В камере смертников появился еще один приговоренный к ВМН — секретарь магнитогорского горкома комсомола Лева Рудницкий, его перевели сюда из центральной тюрьмы. С Рудницким пришли и новости. Прокурора Соронина и Шмеля освободили. Партину Ухватову приговорили к расстрелу. Коровина и Держиморду пока не поймали. В центральной тюрьме новшество: чтобы меньше было шума, расстреливают выстрелами в затылок из мелкокалиберных винтовок. На душегубке вывозят приговоренных только к шахтам на Золотой горе. Сейчас душегубка с надписью «Хлеб» стоит здесь, возле здания НКВД.
Эсер нервничал:
— Крышка, други, хана!
Охрана не разрешала даже выносить из камеры парашу по очереди, как это было раньше. Сержант-надзиратель объявил:
— Парашу будет выносить только Ленин.
Надзиратели быстро переменили игру в клички и называли заключенных по прозвищам, а не по фамилиям:
— Эй, Чапаев! Принимай бурду и пайки!
— Инженер, чего разлегся посеред?
— Эсер, наведи порядок в камере!
Но вот уже неделю звучала одна и та же фраза:
— Прогулки запрещены. Парашу будет выносить Ленин.

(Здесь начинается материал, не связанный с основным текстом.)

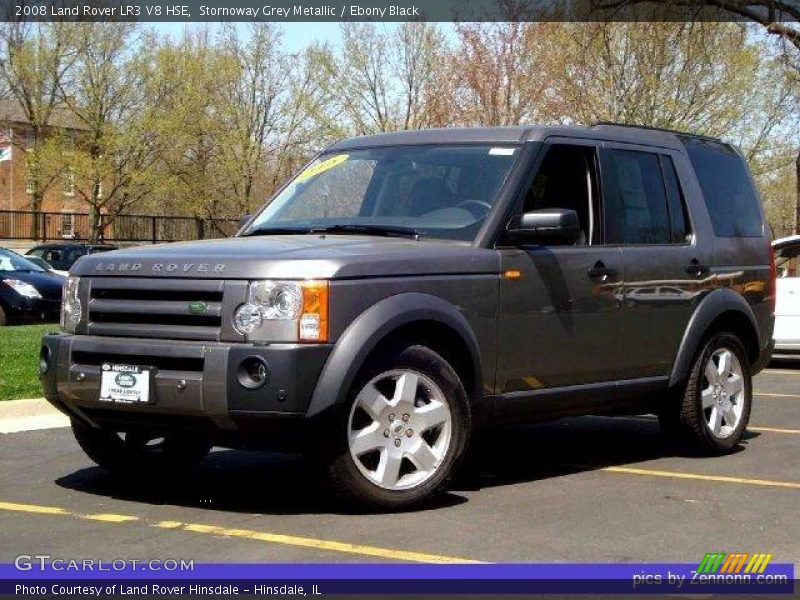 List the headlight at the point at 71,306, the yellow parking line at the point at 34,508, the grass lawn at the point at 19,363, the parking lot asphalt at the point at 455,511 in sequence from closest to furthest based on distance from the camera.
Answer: the parking lot asphalt at the point at 455,511 → the yellow parking line at the point at 34,508 → the headlight at the point at 71,306 → the grass lawn at the point at 19,363

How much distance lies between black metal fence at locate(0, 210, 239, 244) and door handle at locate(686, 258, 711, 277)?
152ft

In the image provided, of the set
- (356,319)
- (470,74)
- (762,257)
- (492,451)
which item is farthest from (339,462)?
(470,74)

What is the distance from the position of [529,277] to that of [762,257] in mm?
2753

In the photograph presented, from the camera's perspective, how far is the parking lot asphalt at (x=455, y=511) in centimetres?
545

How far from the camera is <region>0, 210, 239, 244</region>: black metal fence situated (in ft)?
178

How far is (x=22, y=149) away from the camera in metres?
52.9

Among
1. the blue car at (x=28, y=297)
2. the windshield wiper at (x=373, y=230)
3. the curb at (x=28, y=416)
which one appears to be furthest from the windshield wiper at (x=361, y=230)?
the blue car at (x=28, y=297)

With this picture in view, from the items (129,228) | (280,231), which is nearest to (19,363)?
(280,231)

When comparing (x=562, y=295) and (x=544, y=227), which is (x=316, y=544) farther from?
(x=562, y=295)

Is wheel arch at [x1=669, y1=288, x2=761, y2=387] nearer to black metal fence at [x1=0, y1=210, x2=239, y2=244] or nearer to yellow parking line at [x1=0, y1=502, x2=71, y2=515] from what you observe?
yellow parking line at [x1=0, y1=502, x2=71, y2=515]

— Как вы смеете? Я вождь мирового пролетариата! А вы заставляете Меня выносить каждый день эту зловонную и тяжелую посудину. С этим далеко не интеллектуальным занятием мог бы справиться и Чапаев, — протестовал Владимир Ильич.
Охрана была неумолима:
— Владимир Ильич, на выход с парашей! Есть указание: парашу доверять только Ленину.
— А вы читали, товарищ чекист, мою работу «Материализм и эмпириокритицизм»?

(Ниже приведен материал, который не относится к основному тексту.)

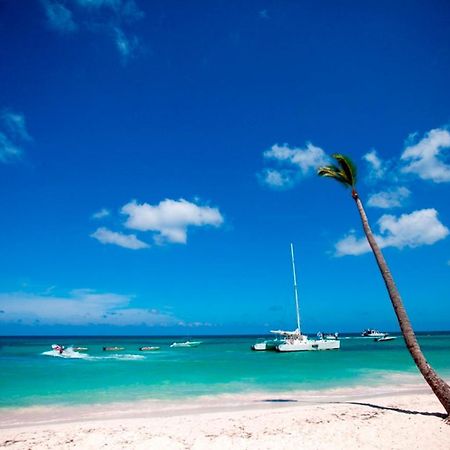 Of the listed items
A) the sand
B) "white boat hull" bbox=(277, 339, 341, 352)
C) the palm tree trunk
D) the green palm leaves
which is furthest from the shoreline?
"white boat hull" bbox=(277, 339, 341, 352)

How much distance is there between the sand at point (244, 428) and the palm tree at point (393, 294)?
3.42 feet

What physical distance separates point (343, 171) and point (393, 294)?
16.2 ft

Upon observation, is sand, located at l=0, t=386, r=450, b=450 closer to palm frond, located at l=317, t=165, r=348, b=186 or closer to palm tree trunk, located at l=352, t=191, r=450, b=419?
palm tree trunk, located at l=352, t=191, r=450, b=419

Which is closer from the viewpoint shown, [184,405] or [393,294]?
[393,294]

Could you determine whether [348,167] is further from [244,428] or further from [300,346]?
[300,346]

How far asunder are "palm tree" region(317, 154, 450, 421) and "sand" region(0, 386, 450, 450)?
3.42ft

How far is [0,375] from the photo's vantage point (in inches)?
1270

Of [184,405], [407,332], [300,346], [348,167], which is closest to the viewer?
[407,332]

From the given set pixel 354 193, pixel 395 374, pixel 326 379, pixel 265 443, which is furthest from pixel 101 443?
pixel 395 374

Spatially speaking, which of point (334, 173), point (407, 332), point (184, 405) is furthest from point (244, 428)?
point (334, 173)

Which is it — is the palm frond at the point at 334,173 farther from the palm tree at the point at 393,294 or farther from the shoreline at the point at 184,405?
the shoreline at the point at 184,405

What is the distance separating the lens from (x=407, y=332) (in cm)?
1192

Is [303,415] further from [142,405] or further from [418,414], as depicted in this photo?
[142,405]

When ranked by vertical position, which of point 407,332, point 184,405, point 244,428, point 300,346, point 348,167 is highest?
point 300,346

— Нет, Владимир Ильич, не читали. Однако проходили на политзанятиях ваш труд: «Шаг вперед, два шага в сторону, и — стреляем!»

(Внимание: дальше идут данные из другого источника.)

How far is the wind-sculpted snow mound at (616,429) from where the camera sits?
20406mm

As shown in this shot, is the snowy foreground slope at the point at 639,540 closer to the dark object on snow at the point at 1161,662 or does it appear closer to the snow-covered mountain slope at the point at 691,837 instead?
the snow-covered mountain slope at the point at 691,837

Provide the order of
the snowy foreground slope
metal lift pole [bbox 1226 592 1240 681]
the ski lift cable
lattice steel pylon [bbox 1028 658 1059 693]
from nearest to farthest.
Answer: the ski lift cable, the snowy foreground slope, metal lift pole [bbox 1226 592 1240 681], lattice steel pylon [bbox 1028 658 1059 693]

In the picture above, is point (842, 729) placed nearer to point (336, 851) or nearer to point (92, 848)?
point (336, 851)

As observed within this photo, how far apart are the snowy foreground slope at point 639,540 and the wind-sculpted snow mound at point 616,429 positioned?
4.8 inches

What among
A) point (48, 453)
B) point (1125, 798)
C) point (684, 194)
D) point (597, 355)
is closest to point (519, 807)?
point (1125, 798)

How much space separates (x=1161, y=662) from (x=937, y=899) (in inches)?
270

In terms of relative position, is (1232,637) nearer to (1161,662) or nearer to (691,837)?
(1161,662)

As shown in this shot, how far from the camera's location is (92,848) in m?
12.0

— И это все, что вы усвоили из ленинизма? — воздевал руки Владимир Ильич.
— Нам этого достаточно, — отшучивался надзиратель.
— Вот она коммунистическая сволочь! — кряхтя, поднимал и выносил парашу вождь.
— Не ругайся, а то шлепну по лысине, — угрожал беззлобно надзиратель.
Эсер объяснял сокамерникам:
— Они что-то учуяли, боятся, что мы взбунтуемся на прогулке. Поэтому и выносит парашу только самый немощный — Ленин. И по времени пора нас ликвидировать.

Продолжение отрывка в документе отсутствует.